A feather falls from somewhere and brushes my skin. I take a step back, knocking against an armoire. The knob digs into my spine. I try to turn around to hold the structure steady, but a small, bleached skull falls off and smashes on the ground.

“Encantrix or not, you’d better clean that up,” Lady says. She points to the black velvet curtain that leads to the back of the store. Lula scoffs and tries on a prex made of sparkling crystals, and Rose mutters something to the mounted head of a jackalope. My mom goes over the list of things we need for my ceremony with Lady.

I rush to the back, where she keeps the cleaning supplies. There’s a door painted dark purple. At eye level is an etching of a golden sun and silver moon for La Mama and El Papa. The sun is crowned by the sideways crescent of the moon. It’s the same moon I wear as a necklace, a gift from my father. I trace the painted symbols on the door. Directly below the sun is a gnarly-looking tree with thin, stringy leaves.

“Encantrix.” I sound the word out.

The seashell wind chime snaps me out of my thoughts. I grab a broom and dustpan and head back out to clean up the mess I made. Some of the bone dust gets up in my nose and makes me sneeze.

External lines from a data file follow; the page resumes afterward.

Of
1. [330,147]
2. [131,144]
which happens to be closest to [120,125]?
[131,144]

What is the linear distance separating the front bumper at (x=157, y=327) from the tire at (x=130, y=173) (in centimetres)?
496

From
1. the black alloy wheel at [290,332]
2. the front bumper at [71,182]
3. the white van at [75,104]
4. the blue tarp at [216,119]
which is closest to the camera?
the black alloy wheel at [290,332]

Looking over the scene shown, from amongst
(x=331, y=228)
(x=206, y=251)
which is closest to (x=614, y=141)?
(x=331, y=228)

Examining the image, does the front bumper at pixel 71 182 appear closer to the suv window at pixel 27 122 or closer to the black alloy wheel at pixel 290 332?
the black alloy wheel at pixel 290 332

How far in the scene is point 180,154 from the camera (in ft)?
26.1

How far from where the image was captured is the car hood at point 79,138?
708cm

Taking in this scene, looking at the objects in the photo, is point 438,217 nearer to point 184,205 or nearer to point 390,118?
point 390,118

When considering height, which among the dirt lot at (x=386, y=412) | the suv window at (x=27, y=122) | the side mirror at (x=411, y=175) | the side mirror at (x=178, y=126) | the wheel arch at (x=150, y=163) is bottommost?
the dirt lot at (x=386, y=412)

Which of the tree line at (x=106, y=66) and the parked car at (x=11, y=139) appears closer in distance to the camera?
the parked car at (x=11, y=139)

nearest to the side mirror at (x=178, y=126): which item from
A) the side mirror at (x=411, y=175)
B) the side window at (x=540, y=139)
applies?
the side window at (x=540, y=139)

“Gross,” I mutter, dumping the contents in the garbage can near the register.

“Gross yourself,” he says.

A guy, possibly around Lula’s age but trying to look older, stands on the other side of the counter. He’s got brilliant diamond stud earrings and a fresh, buzzed haircut like the boys around the block. I find myself staring. His hands are covered in tattoos, like he dipped his arms in solid ink up to his wrists. From there, the ink continues in swirling lines, like jellyfish tendrils drifting on the sea of his light-brown skin.

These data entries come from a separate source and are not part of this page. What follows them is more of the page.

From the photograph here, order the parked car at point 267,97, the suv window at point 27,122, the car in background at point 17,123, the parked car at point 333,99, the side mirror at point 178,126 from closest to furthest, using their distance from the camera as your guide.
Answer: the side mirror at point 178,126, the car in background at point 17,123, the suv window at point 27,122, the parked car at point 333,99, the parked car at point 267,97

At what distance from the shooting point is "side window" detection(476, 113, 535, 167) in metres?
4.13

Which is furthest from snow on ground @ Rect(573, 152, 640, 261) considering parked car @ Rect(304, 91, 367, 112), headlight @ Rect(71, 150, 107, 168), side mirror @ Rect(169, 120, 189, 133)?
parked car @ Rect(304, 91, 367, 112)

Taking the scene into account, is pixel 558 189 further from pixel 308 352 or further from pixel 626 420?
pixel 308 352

Thick, dark lashes fringe his eyes, which can’t decide between green and blue. When he sees me, he smiles, revealing a tiny dimple, like a comma at the edge of his mouth. He licks the cold off his full lips. Touches his necklace. Blue beads like a long rosary. A prex.

My face burns when I realize this is the same guy we almost ran over the other day.

He grabs a few things on the way to the counter. I should probably go to my mother, but I don’t want to deal with Deathday things. So I stay put and try to ignore the guy’s presence, even though he seems to take up the whole room with the way he walks right up to me. He sets a red votive candle, some dove feathers, and a jar of tongues on the counter. The tongues swim in the murky, green liquid like they’re mocking me. I flick the bell at the register to let Lady know she’s got a customer.

“I’ll be right there,” Lady shouts from the front of the shop.

I put the broom and dustpan in the back. When I return, he’s still standing there. Again, he smiles when he looks at me.

“What?” I ask. I wonder if he’s aware of how his stare makes me want to turn around and run.

“You look familiar.”

“I just have that kind of face.”

“No, you don’t,” he says, smirking. “I remember you. Red Civic. Riding with that pretty boy that wore too much cologne.”

“Sorry about that.”

“You weren’t the one driving.” He crosses his arms over his chest, making his muscles more pronounced. It makes his tattoo appear like it’s moving. The ends of the inky tendrils stop at the finest points.

“My eyes are up here,” he says, making a V with his middle and index finger and points them at his eyes.